▸ Task to complete:
Your copy should hold only the lines from the one with "Zwei Hunde im Kofferraum" to the one with "Plant, Green, Mountain, Natural", both included, each exactly as it stands below, with no pictures.

▸ Information supplied:
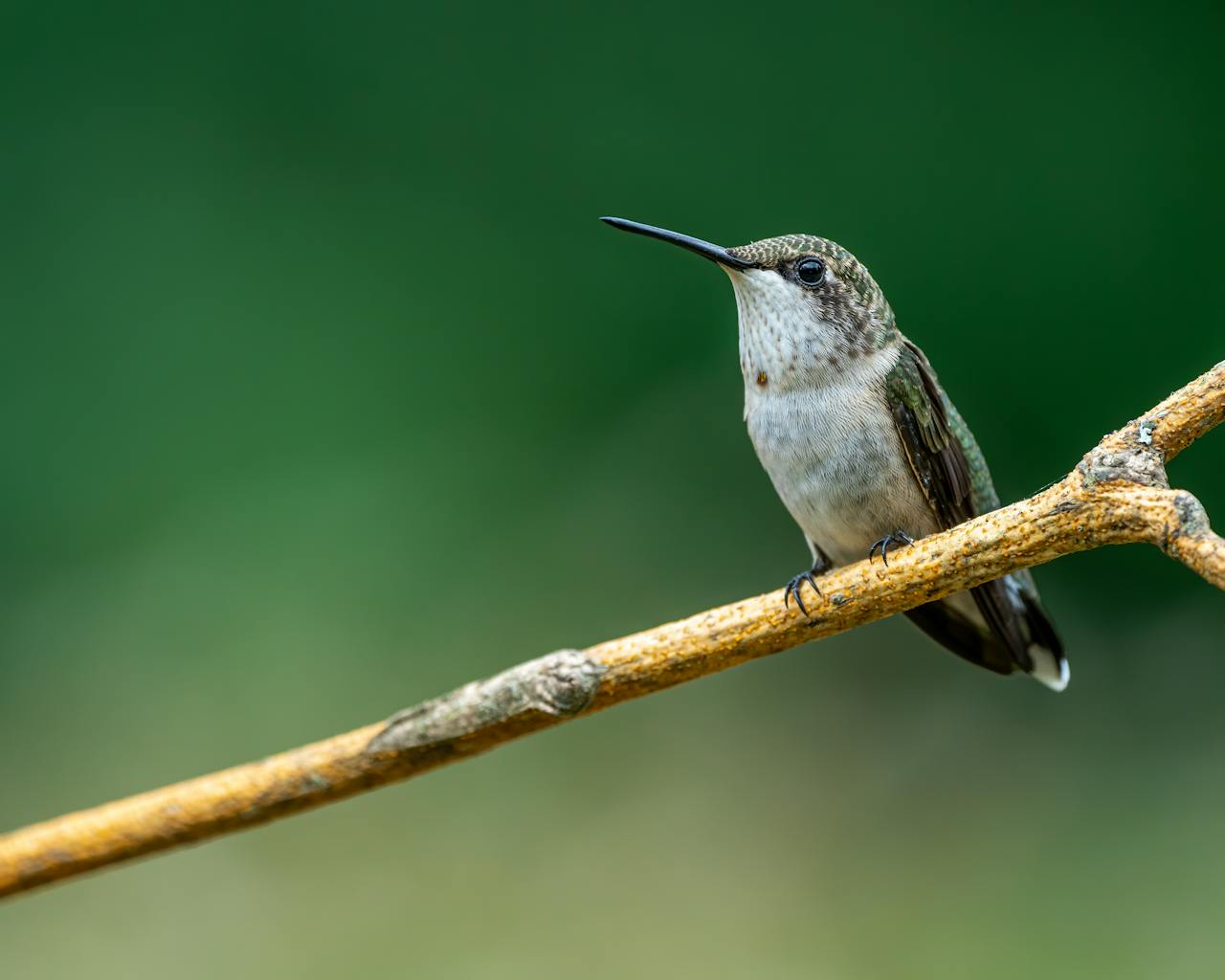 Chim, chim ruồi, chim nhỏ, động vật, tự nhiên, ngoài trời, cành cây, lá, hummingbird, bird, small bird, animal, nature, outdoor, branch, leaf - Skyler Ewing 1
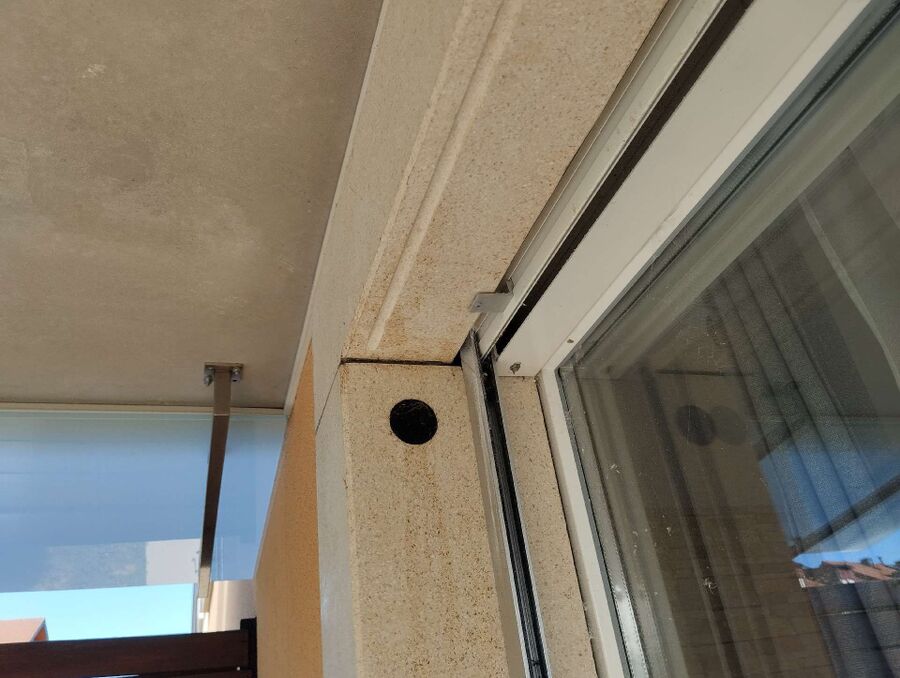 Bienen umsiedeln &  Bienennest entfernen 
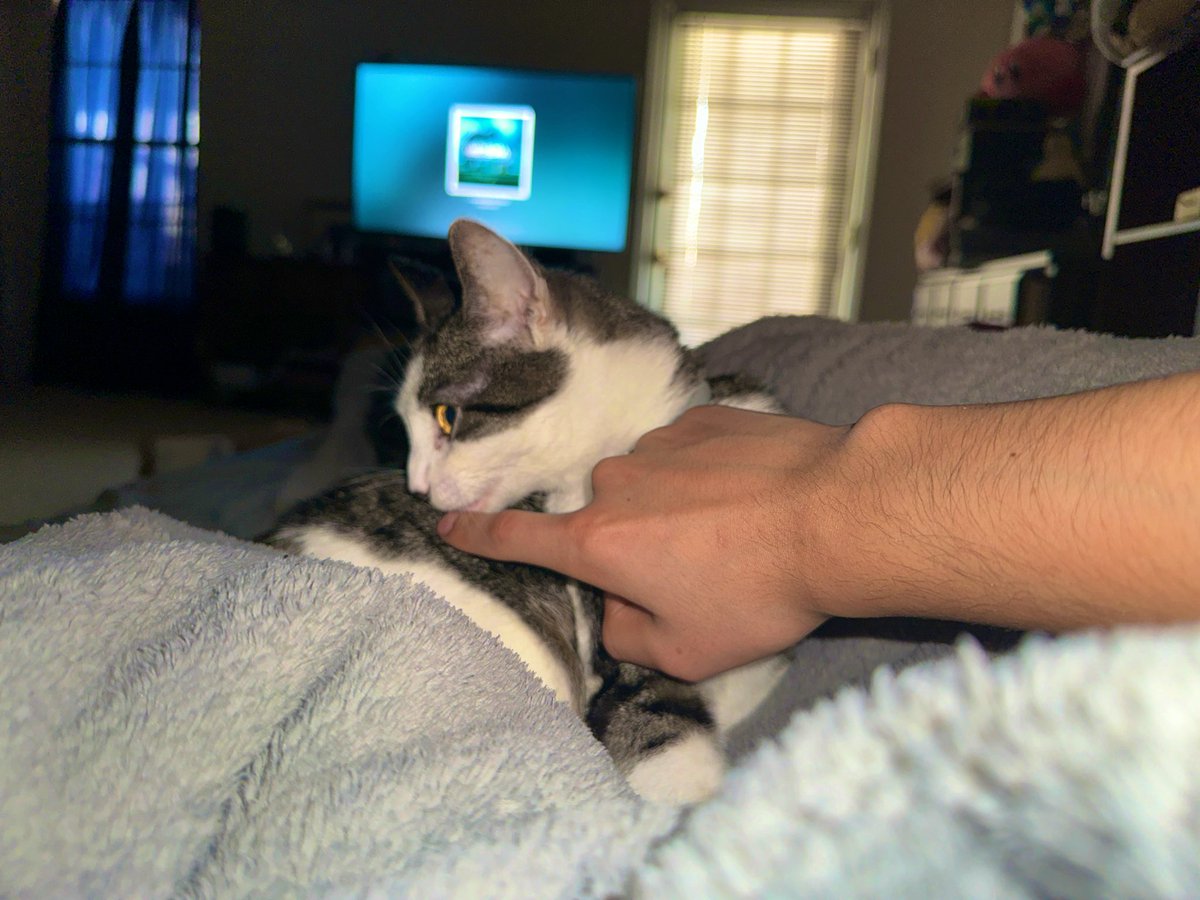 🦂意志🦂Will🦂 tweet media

==

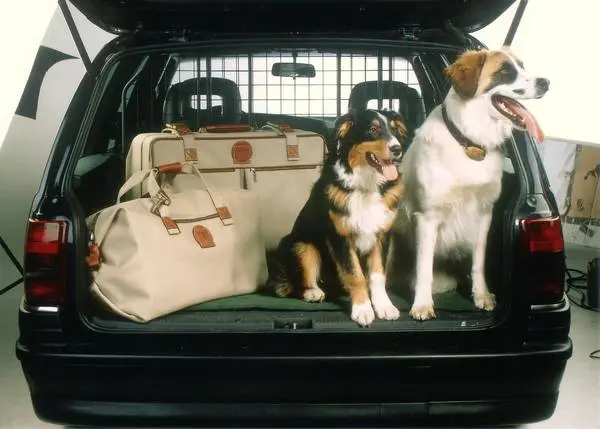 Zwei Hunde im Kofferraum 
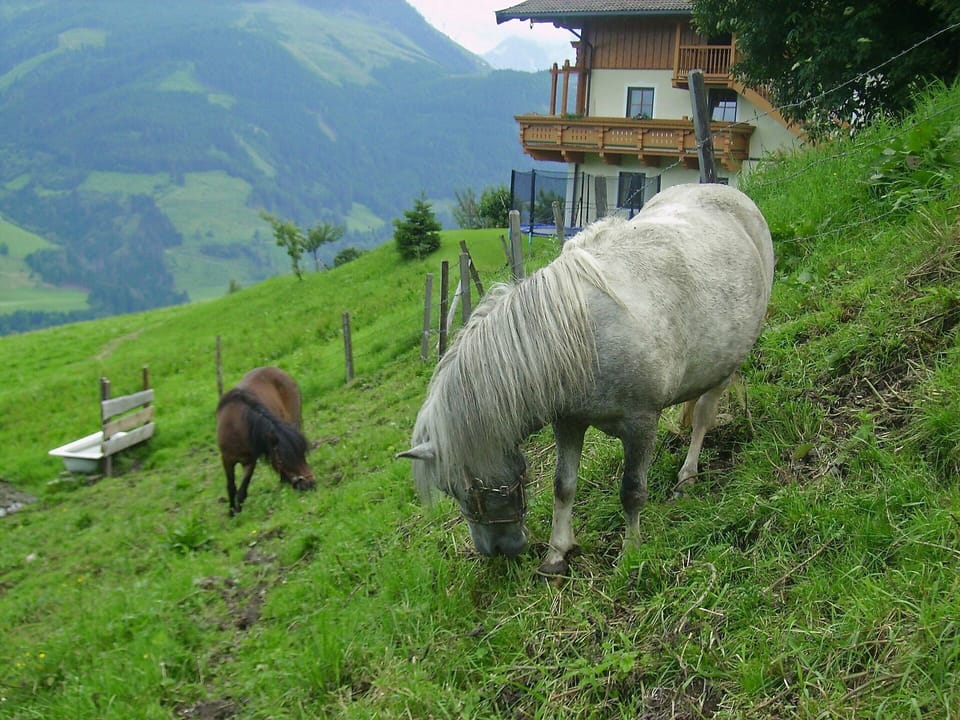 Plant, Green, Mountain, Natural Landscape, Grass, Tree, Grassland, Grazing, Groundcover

▸ Output of the exercise:
 Zwei Hunde im Kofferraum 
 Plant, Green, Mountain, Natural Landscape, Grass, Tree, Grassland, Grazing, Groundcover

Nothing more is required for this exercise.